ABOUT THIS EXERCISE: Each entry should be printed exactly, with its images omitted.

--- DATA Enclosed Below ---

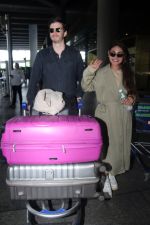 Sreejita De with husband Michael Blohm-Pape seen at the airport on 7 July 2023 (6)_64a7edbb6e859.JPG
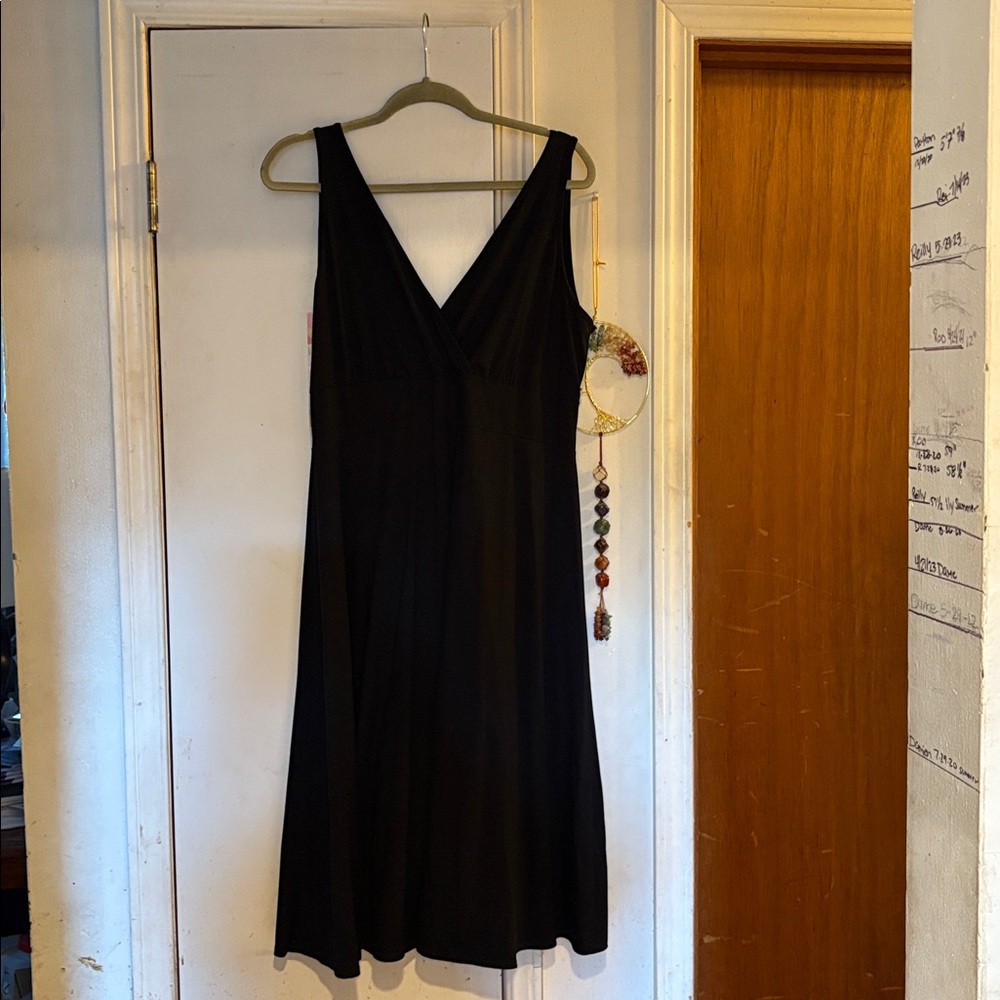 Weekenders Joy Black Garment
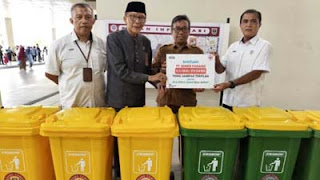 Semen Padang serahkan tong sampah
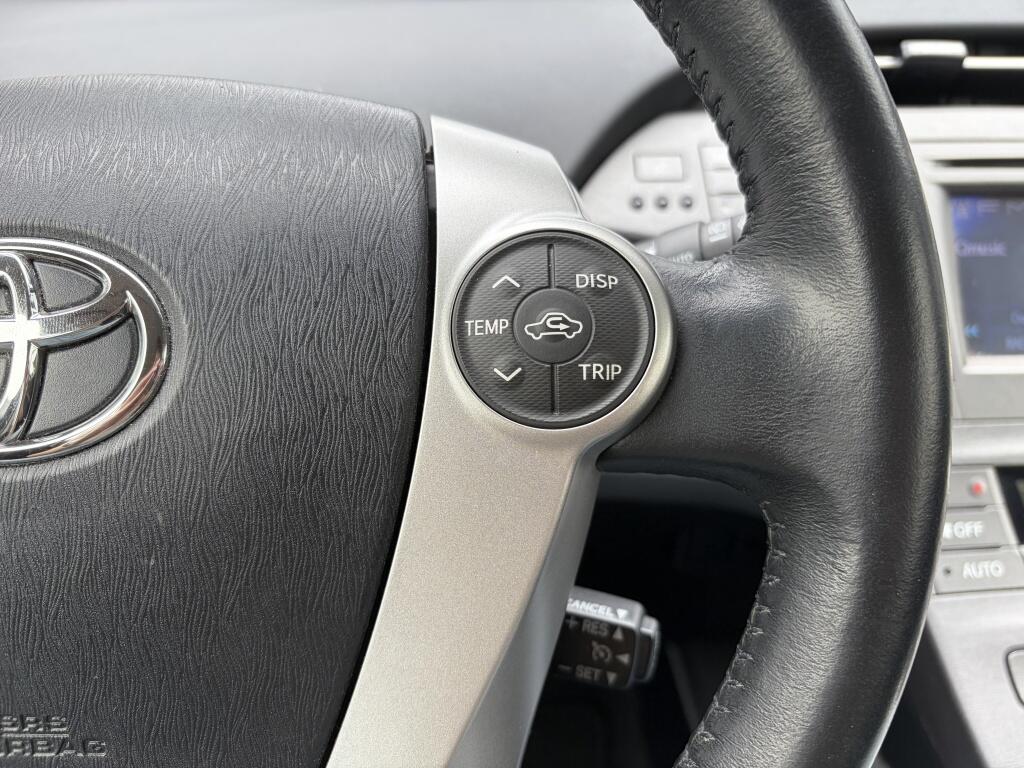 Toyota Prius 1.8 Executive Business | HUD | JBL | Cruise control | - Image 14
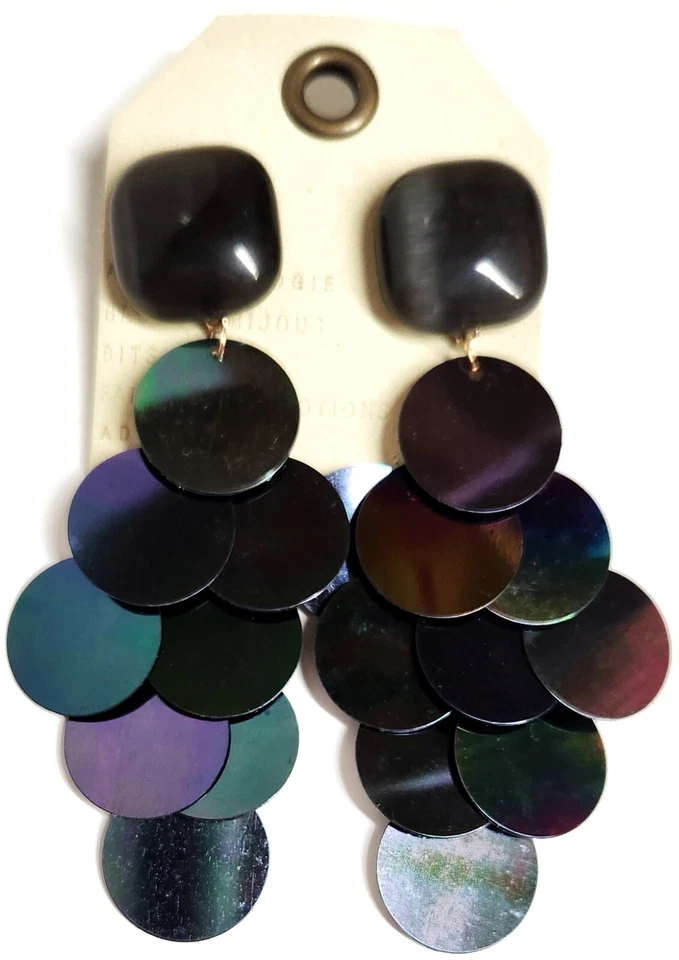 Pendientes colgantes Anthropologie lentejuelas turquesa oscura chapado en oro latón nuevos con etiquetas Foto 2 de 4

--- End of Enclosed DATA ---

SOLUTION FOR THIS TASK:
 Sreejita De with husband Michael Blohm-Pape seen at the airport on 7 July 2023 (6)_64a7edbb6e859.JPG
 Weekenders Joy Black Garment
 Semen Padang serahkan tong sampah
 Toyota Prius 1.8 Executive Business | HUD | JBL | Cruise control | - Image 14
 Pendientes colgantes Anthropologie lentejuelas turquesa oscura chapado en oro latón nuevos con etiquetas Foto 2 de 4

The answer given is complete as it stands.